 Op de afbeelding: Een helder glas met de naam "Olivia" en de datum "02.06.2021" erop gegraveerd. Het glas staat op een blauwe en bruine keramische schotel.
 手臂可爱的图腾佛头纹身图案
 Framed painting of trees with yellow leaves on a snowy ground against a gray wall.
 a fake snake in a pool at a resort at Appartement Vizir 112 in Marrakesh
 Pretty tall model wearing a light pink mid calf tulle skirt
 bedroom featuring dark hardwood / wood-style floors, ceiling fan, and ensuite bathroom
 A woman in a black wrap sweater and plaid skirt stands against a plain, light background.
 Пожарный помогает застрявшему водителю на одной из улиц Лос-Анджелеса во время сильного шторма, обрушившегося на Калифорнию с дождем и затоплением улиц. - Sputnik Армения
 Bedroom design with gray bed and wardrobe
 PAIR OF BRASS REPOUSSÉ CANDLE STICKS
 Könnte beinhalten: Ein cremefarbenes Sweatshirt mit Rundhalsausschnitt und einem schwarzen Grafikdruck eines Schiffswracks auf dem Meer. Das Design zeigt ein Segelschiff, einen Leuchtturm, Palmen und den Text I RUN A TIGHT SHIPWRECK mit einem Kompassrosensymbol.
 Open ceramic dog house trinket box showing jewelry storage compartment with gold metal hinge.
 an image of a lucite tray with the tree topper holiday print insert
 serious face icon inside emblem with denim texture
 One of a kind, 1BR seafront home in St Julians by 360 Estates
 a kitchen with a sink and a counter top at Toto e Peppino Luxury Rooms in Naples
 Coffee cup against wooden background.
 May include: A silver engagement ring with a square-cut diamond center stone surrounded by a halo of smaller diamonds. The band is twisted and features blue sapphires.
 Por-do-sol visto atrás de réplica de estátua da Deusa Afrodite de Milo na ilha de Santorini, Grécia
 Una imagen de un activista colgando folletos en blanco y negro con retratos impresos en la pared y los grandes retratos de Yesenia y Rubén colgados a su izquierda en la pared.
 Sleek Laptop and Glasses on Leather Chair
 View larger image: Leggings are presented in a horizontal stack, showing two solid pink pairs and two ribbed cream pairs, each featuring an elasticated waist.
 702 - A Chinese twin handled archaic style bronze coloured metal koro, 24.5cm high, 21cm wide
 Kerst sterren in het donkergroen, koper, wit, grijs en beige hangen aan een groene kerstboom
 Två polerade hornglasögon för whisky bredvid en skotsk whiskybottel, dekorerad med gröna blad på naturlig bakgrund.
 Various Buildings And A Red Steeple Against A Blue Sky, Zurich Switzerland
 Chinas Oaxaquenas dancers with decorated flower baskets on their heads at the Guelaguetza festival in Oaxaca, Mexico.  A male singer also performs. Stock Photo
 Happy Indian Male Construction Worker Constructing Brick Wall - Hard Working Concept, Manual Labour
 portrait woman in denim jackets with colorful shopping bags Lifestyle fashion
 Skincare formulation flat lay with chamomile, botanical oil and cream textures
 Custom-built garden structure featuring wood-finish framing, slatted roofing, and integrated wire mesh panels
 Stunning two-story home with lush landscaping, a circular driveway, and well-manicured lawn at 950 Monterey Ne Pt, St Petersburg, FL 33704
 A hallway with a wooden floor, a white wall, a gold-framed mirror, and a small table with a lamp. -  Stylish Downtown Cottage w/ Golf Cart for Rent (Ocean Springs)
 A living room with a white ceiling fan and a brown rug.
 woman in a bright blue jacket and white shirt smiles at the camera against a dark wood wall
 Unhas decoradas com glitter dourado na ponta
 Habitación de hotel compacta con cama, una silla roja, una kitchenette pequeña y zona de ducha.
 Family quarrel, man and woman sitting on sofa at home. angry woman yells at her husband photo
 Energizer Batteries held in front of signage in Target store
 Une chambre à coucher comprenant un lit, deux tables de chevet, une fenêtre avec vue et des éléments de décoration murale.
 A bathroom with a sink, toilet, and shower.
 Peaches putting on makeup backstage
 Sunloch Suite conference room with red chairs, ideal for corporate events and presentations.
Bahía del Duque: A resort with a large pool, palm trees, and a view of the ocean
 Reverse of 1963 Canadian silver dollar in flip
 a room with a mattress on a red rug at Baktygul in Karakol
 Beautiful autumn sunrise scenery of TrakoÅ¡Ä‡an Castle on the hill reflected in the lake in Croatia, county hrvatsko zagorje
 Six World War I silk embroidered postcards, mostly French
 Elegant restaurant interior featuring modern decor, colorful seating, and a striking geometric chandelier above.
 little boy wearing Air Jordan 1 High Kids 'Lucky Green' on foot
^^^^^^^^
* _Work order_: Word for word, every record must be given again.

* _Problem solution_:
 Op de afbeelding: Een helder glas met de naam "Olivia" en de datum "02.06.2021" erop gegraveerd. Het glas staat op een blauwe en bruine keramische schotel.
 手臂可爱的图腾佛头纹身图案
 Framed painting of trees with yellow leaves on a snowy ground against a gray wall.
 a fake snake in a pool at a resort at Appartement Vizir 112 in Marrakesh
 Pretty tall model wearing a light pink mid calf tulle skirt
 bedroom featuring dark hardwood / wood-style floors, ceiling fan, and ensuite bathroom
 A woman in a black wrap sweater and plaid skirt stands against a plain, light background.
 Пожарный помогает застрявшему водителю на одной из улиц Лос-Анджелеса во время сильного шторма, обрушившегося на Калифорнию с дождем и затоплением улиц. - Sputnik Армения
 Bedroom design with gray bed and wardrobe
 PAIR OF BRASS REPOUSSÉ CANDLE STICKS
 Könnte beinhalten: Ein cremefarbenes Sweatshirt mit Rundhalsausschnitt und einem schwarzen Grafikdruck eines Schiffswracks auf dem Meer. Das Design zeigt ein Segelschiff, einen Leuchtturm, Palmen und den Text I RUN A TIGHT SHIPWRECK mit einem Kompassrosensymbol.
 Open ceramic dog house trinket box showing jewelry storage compartment with gold metal hinge.
 an image of a lucite tray with the tree topper holiday print insert
 serious face icon inside emblem with denim texture
 One of a kind, 1BR seafront home in St Julians by 360 Estates
 a kitchen with a sink and a counter top at Toto e Peppino Luxury Rooms in Naples
 Coffee cup against wooden background.
 May include: A silver engagement ring with a square-cut diamond center stone surrounded by a halo of smaller diamonds. The band is twisted and features blue sapphires.
 Por-do-sol visto atrás de réplica de estátua da Deusa Afrodite de Milo na ilha de Santorini, Grécia
 Una imagen de un activista colgando folletos en blanco y negro con retratos impresos en la pared y los grandes retratos de Yesenia y Rubén colgados a su izquierda en la pared.
 Sleek Laptop and Glasses on Leather Chair
 View larger image: Leggings are presented in a horizontal stack, showing two solid pink pairs and two ribbed cream pairs, each featuring an elasticated waist.
 702 - A Chinese twin handled archaic style bronze coloured metal koro, 24.5cm high, 21cm wide
 Kerst sterren in het donkergroen, koper, wit, grijs en beige hangen aan een groene kerstboom
 Två polerade hornglasögon för whisky bredvid en skotsk whiskybottel, dekorerad med gröna blad på naturlig bakgrund.
 Various Buildings And A Red Steeple Against A Blue Sky, Zurich Switzerland
 Chinas Oaxaquenas dancers with decorated flower baskets on their heads at the Guelaguetza festival in Oaxaca, Mexico.  A male singer also performs. Stock Photo
 Happy Indian Male Construction Worker Constructing Brick Wall - Hard Working Concept, Manual Labour
 portrait woman in denim jackets with colorful shopping bags Lifestyle fashion
 Skincare formulation flat lay with chamomile, botanical oil and cream textures
 Custom-built garden structure featuring wood-finish framing, slatted roofing, and integrated wire mesh panels
 Stunning two-story home with lush landscaping, a circular driveway, and well-manicured lawn at 950 Monterey Ne Pt, St Petersburg, FL 33704
 A hallway with a wooden floor, a white wall, a gold-framed mirror, and a small table with a lamp. -  Stylish Downtown Cottage w/ Golf Cart for Rent (Ocean Springs)
 A living room with a white ceiling fan and a brown rug.
 woman in a bright blue jacket and white shirt smiles at the camera against a dark wood wall
 Unhas decoradas com glitter dourado na ponta
 Habitación de hotel compacta con cama, una silla roja, una kitchenette pequeña y zona de ducha.
 Family quarrel, man and woman sitting on sofa at home. angry woman yells at her husband photo
 Energizer Batteries held in front of signage in Target store
 Une chambre à coucher comprenant un lit, deux tables de chevet, une fenêtre avec vue et des éléments de décoration murale.
 A bathroom with a sink, toilet, and shower.
 Peaches putting on makeup backstage
 Sunloch Suite conference room with red chairs, ideal for corporate events and presentations.
Bahía del Duque: A resort with a large pool, palm trees, and a view of the ocean
 Reverse of 1963 Canadian silver dollar in flip
 a room with a mattress on a red rug at Baktygul in Karakol
 Beautiful autumn sunrise scenery of TrakoÅ¡Ä‡an Castle on the hill reflected in the lake in Croatia, county hrvatsko zagorje
 Six World War I silk embroidered postcards, mostly French
 Elegant restaurant interior featuring modern decor, colorful seating, and a striking geometric chandelier above.
 little boy wearing Air Jordan 1 High Kids 'Lucky Green' on foot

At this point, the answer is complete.